É o momento de Carlos Miguel?
Enquanto Cássio convive com as críticas, parte da torcida pede que Carlos Miguel ganhe chance como titular. Sollito concorda que faria bem ao time deixar o ídolo no banco e ver como o reserva se sai em uma sequência de jogos com a pesada camisa alvinegra.
“Cabe ao treinador aliviar o Cássio neste momento, tirá-lo da pressão. É uma transição normal isso daí. Claro, vai entrar o outro goleiro, seja ele qual for, vai entrar em uma fria neste momento, porque a situação do Corinthians não é das melhores, mas tem de se fazer isso em algum momento. Eu vendo de fora, bem de fora, acho que é válido até para tirá-lo um pouco do holofote”, comenta.

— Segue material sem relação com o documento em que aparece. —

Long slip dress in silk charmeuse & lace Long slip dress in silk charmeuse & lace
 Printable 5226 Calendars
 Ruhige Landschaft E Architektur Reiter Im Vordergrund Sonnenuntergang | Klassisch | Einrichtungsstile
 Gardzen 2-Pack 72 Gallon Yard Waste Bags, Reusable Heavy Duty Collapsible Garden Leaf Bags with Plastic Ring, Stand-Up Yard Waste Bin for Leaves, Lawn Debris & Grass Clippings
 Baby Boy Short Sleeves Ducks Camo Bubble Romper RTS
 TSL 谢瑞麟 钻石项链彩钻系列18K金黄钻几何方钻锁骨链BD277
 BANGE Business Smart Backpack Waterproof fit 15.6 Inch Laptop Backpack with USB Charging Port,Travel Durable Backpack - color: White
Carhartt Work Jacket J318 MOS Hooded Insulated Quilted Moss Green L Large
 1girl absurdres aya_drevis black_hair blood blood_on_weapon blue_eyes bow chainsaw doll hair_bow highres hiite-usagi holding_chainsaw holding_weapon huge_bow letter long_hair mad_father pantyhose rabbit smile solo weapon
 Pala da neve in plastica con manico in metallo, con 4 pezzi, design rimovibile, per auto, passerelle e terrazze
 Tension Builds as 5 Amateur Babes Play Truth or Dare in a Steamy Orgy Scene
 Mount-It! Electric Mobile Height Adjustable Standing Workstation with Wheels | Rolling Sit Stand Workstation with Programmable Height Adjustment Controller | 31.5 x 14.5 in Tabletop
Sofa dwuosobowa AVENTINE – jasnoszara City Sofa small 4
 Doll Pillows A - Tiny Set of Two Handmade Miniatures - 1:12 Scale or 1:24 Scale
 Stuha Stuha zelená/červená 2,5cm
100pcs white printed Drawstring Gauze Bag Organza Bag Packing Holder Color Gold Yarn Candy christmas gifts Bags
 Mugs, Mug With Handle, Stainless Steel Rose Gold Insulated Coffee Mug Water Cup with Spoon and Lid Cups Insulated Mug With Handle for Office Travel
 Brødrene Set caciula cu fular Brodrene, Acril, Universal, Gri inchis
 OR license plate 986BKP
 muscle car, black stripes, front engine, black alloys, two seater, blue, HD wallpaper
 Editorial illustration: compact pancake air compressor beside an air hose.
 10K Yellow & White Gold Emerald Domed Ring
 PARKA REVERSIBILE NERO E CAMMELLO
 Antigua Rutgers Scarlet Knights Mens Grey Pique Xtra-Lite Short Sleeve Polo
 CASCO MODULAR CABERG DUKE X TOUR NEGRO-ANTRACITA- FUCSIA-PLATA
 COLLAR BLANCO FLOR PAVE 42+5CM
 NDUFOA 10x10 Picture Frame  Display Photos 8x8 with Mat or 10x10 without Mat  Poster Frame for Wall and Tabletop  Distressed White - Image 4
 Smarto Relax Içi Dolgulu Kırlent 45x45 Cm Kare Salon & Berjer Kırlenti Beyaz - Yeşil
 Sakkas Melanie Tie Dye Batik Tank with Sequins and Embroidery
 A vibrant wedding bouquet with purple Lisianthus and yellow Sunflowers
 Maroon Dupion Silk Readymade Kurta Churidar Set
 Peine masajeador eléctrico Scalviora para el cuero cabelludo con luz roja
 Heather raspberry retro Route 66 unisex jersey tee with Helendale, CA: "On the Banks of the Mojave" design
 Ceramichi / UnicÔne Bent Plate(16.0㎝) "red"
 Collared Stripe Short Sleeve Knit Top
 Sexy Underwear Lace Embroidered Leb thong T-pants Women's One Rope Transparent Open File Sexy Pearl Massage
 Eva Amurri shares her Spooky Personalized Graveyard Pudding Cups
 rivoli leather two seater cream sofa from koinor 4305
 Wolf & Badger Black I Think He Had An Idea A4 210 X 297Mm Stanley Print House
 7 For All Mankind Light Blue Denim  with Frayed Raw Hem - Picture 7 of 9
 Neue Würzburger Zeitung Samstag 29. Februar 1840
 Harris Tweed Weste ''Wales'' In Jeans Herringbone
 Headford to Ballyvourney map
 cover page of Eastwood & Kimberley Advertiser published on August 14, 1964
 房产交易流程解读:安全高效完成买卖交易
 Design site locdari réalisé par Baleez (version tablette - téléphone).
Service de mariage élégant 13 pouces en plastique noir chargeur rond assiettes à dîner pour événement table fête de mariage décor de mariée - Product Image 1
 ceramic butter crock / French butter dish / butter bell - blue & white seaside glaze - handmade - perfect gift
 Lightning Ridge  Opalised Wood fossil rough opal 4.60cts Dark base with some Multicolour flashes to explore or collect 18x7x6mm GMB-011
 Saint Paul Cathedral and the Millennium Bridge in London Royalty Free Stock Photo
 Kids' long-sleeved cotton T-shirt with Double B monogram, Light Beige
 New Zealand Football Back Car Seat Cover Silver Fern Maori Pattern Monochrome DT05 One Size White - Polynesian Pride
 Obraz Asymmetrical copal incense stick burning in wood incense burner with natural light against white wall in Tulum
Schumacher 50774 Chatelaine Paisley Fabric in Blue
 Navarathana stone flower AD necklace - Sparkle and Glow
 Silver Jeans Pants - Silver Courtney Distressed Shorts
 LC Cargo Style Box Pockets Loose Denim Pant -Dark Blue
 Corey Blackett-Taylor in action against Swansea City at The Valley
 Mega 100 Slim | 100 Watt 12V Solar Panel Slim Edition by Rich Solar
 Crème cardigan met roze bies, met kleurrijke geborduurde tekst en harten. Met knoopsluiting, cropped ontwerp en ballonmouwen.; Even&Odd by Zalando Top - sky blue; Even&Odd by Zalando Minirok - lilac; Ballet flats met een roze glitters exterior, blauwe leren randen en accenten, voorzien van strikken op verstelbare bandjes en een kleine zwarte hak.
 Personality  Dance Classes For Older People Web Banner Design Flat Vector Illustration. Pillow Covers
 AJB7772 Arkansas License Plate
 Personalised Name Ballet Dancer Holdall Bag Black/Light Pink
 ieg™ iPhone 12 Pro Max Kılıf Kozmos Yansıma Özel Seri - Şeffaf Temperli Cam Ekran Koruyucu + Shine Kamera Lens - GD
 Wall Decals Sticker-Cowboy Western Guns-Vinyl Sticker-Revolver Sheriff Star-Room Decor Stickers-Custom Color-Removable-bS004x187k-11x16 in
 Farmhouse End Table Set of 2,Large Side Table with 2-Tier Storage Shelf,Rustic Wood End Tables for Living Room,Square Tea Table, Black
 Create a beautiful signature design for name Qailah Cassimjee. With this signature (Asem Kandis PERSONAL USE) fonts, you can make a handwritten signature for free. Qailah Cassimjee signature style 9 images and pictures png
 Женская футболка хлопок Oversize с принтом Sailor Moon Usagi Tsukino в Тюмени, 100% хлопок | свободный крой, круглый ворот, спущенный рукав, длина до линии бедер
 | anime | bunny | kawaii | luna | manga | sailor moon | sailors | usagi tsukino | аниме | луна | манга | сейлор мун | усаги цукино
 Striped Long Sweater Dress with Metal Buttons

Fernando Prass, por sua vez, já não tem tanta certeza sobre a efetividade de realizar um troca debaixo da trave do Corinthians. “É natural que o goleiro reserva que jogou pouco, que não está nessas derrotas, que não falha porque tem jogado pouco, seja o preferido, e isso isso é cíclico. Aí, se o time continuar mal, o Carlos Miguel vai entrar e, daqui a dois meses, ele não vai aguentar também, porque o problema não é apenas o goleiro, é o cenário do Corinthians”, diz.
“Quem pode avaliar é quem está lá dentro, quem vê o dia a dia do Corinthians. Eu falo isso porque eu passei por situações no futebol de torcida indignada. ‘Por que que fulano não recebe a chance?’ No dia a dia para a gente era muito claro o porquê das decisões do treinador. É uma questão muito complicada. Se o Carlos Miguel está no Corinthians, é óbvio que ele tem condição de jogar. Agora, essa questão de de substituir o Cássio ou não, eu vou ser sincero: vendo de fora, no meu achismo, eu não tiraria. Pelo contrário, daria a chance para o Cássio se recuperar”, completa.